Le marché serait sacré

Le bornage du marché actuel constitue une autre pomme de discorde. Les coutumiers s’opposent, en effet, au lotissement du marché actuel de Bouroum-Bouroum car indiquent-ils, le site du marché est sacré et un fétiche y est implanté. Certains rites funéraires se déroulent aussi à l’intérieur de celui-ci, à en croire Koadjo Da, responsable du marché. Un nouveau site serait prévu pour délocaliser le marché. La marge de 30 m à dégager de chaque côté de la voie bitumée pour respecter les normes de lotissement atteint le marché qui est situé à quelques encablures de ladite voie.

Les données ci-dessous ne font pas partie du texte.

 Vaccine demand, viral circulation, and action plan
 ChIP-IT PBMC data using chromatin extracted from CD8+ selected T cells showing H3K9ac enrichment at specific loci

« En faisant cela, ça empiète sur le marché mais le marché gagne 113 mètres à 120 mètres à l’intérieur et s’agrandit. Les gens disent de laisser le marché tel quel, mais je dis non. Tel qu’il est, les marchands ne resteront pas durant cinq ans à l’intérieur du marché et certains finiront par occuper le long de la voie bitumée. Cela va les exposer aux accidents de la route. D’ailleurs, on attire déjà notre attention par rapport aux risques que les gens encourent en s’installant au bord de la voie », explique le maire, Bèbè Ignace Doli.

Le responsable du marché rejette la proposition faite par le maire et se justifie par le fait que la nouvelle délimitation atteint le fétiche. Le maire note néanmoins, qu’après avoir rencontré le propriétaire du fétiche du marché, celui-ci est prêt pour son déménagement à condition de faire quelques sacrifices. La zone ne serait donc pas un lieu sacré communautaire, mais individuel. Il reste à l’étape actuelle, 08 bornes à poser au niveau du marché.

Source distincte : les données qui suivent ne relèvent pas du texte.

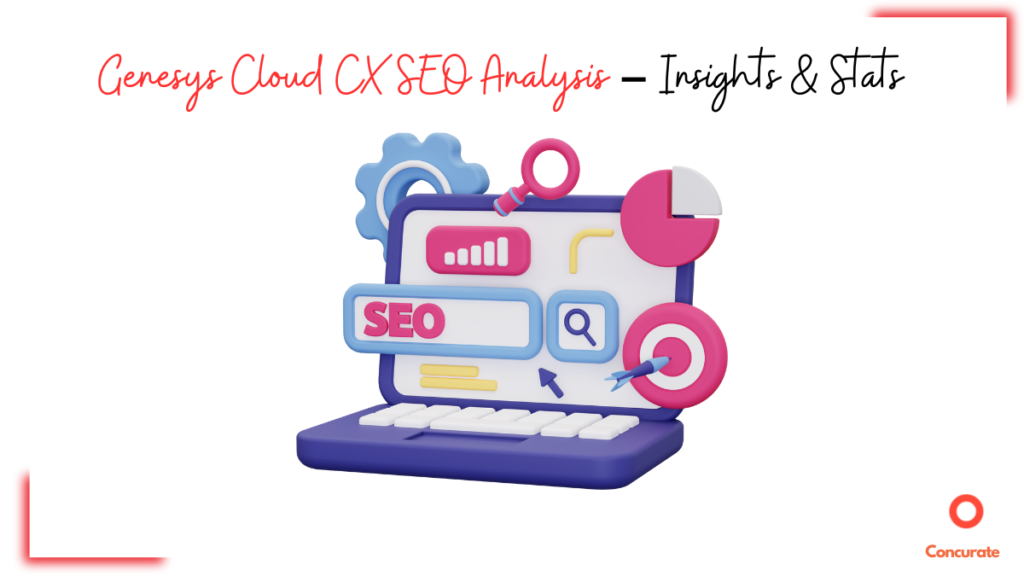 Genesys Cloud CX SEO Analysis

Pour le maire de la commune rurale de Bouroum-Bouroum, Bèbè Ignace Doli, les lieux sacrés ont été recensés en juillet 2009 dans les 08 quartiers de la commune et consignés dans deux cahiers de 32 pages remis au bureau d’étude et au président du Comité villageois de développement (CVD), en présence du fils du chef de terre.

Au total 80 lieux sacrés ont été répertoriés, mais compte tenu du nombre d’hectares à parceller, 300 ha demandés et 200 ha retenus, les difficultés ne manquent pas. Parmi les 80 lieux dits sacrés, figurent des endroits où on a un piquet ou un arbre appelé djiè et des zones dites hantées. Les coutumiers soutiennent que ces lieux sont sacrés et la question que les autorités communales se posent, c’est comment faire pour respecter ces lieux sacrés ?

Dans un lotissement, les parcelles d’habitation doivent occuper 40 à 45% pour l’urbanisme, les voies, entre 20 à 25% et les équipements collectifs, 30 à 35%. Telles sont les exigences et normes d’un lotissement. « C’était compliqué pour le bureau d’étude de tenir compte des pourcentages. Ils ont délimité des touffes, de grands ensembles.

Si l’on devait tenir compte des 80 lieux sacrés, il n’y aurait pas d’espaces habitables ; c’est pourquoi le plan de lotissement a pris en compte les grands lieux sacrés, à savoir les trois grandes touffes qui ont été d’ailleurs bien délimitées et celle de la préfecture, agrandie et non parcellées à l’intérieur contrairement à ce que les coutumiers ont laissé entendre.

Le bureau d’étude a donc borné ces zones et les a mises dans des parcelles qui seront réattribuées à ces coutumiers, afin de respecter les normes requises et de pouvoir dégager 177 parcelles commerciales et 1515 parcelles d’habitations et satisfaire les nombreux demandeurs », a expliqué le maire.

Amalgame entre lieux sacrés, fétiches et domiciles

Toutefois, celui dont les terres ont été prises par une réserve ou zone commerciale se verra octroyer une parcelle à côté de la même zone commerciale si cela est possible. « Je les ai rencontrés le 15 juillet 2010 selon leur vœu ; ils m’ont demandé de retirer les bornes dans ces zones.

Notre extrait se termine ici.